When asked about her creative process in making her comic, Kimberly said, “I wrote the piece as prose before recreating this story as a comic in Assistant Professor Tait Bergstrom’s course, Comics and Graphic Novels, where I was inspired by the gritty yet whimsical approach of some comics I encountered.”

Describing her submission as “a series of vignettes that are strung together by the protagonists’ restlessness and crippling anxiety,” Kimberly said that her interest in creating comics came as a natural extension of her desire for storytelling.

“I like writing and I like drawing. I’ve also always been very interested in experimental forms of image-making, and naturally find comics a fascinating and expansive medium.”

Like Kimberly, Dakshayani, the winner for playwriting, also highlighted how her love for stories motivated her into writing her own pieces. “I love stories – reading them, watching them and then later, acting in and directing them. But at some point, I realised that the stories I wanted to hear and tell weren’t really being written.”

Dakshayani shared that her desire to experience these untold stories motivated her to begin writing. “I decided that the only way around that was to write my own stories.”

“I think words have this extraordinary capacity to communicate the big, important ideas but also spotlight the small, everyday moments; they are the means in which we can share laughter and tears, hold silence, and feel for one another and our community.

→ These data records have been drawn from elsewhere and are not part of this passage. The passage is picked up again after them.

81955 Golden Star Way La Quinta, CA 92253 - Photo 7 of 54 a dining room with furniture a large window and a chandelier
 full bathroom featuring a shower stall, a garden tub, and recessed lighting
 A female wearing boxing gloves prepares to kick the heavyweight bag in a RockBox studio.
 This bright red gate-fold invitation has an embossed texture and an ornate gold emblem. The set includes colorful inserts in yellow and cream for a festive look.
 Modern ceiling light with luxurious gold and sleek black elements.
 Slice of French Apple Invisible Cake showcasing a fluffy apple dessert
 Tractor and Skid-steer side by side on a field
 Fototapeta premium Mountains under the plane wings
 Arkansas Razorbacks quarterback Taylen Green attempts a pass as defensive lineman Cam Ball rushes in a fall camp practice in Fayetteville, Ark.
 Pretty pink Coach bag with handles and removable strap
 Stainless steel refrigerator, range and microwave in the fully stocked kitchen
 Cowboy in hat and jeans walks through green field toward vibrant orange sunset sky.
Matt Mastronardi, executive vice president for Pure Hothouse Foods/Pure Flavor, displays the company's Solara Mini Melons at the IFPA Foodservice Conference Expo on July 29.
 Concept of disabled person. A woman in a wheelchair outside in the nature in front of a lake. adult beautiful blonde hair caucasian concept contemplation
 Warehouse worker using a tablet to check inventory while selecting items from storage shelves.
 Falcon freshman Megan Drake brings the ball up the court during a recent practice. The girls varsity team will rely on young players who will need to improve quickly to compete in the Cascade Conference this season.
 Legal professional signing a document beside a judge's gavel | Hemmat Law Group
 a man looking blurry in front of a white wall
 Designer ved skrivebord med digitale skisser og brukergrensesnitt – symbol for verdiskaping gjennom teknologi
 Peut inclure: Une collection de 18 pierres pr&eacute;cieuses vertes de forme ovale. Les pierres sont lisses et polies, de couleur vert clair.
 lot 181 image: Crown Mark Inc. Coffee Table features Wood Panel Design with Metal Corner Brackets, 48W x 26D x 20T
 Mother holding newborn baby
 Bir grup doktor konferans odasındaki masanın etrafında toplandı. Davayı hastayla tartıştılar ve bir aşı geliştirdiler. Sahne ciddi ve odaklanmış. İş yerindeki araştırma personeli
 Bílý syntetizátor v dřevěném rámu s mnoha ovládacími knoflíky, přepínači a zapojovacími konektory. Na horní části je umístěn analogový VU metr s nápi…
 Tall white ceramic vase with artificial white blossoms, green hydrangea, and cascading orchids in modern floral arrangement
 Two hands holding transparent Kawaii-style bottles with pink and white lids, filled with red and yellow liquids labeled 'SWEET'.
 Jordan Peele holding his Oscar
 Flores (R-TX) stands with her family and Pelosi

I think there are very few mediums which can do just that.”

Dakshayani describes her creative as a more dynamic phenomenon. “I write my scenes around moments and things which intrigue or inspire me – rap music, great literary quotes, jokes, pick-up lines…anything really.”

Dakshayani then takes these different scenes and strings them together to create her story. “The process is a little chaotic, a little stressful but a whole lot of fun – much like your twenties.”

In contrast to Dakshayani’s easy-going method, the winner for non-fiction Phoebe Mak finds their creative process as being more meditative.

“Non-fiction has always been a challenge for me because there is a complex negotiation of reality and aesthetic” said Phoebe. “Honestly, I’m not very good at writing about things that have actually happened; I have a very strong desire to hide behind fictionalised accounts. Yet, everything I’ve ever written has a true emotional core underlying its fictional veneer.”

“Hence, finding the point where truth, aesthetic, and reality collide is a wonderful challenge that non-fiction poses to me.”

By providing a platform with diverse categories, the Literary Awards recognises the talent and diverse creative process that is associated with various literary forms. As a result, this programme forms an important pillar of Yale-NUS’s writing culture.

Speaking of this culture, Phoebe said, “I only began to write intentionally when I came to Yale-NUS, so my writing has been influenced greatly by the writing community here.”

“I’ve been a part of the Yale-NUS Literary Collective for all four years here, and it was through critique groups of dear, trusted friends and workshops with professional writers that I found my voice.”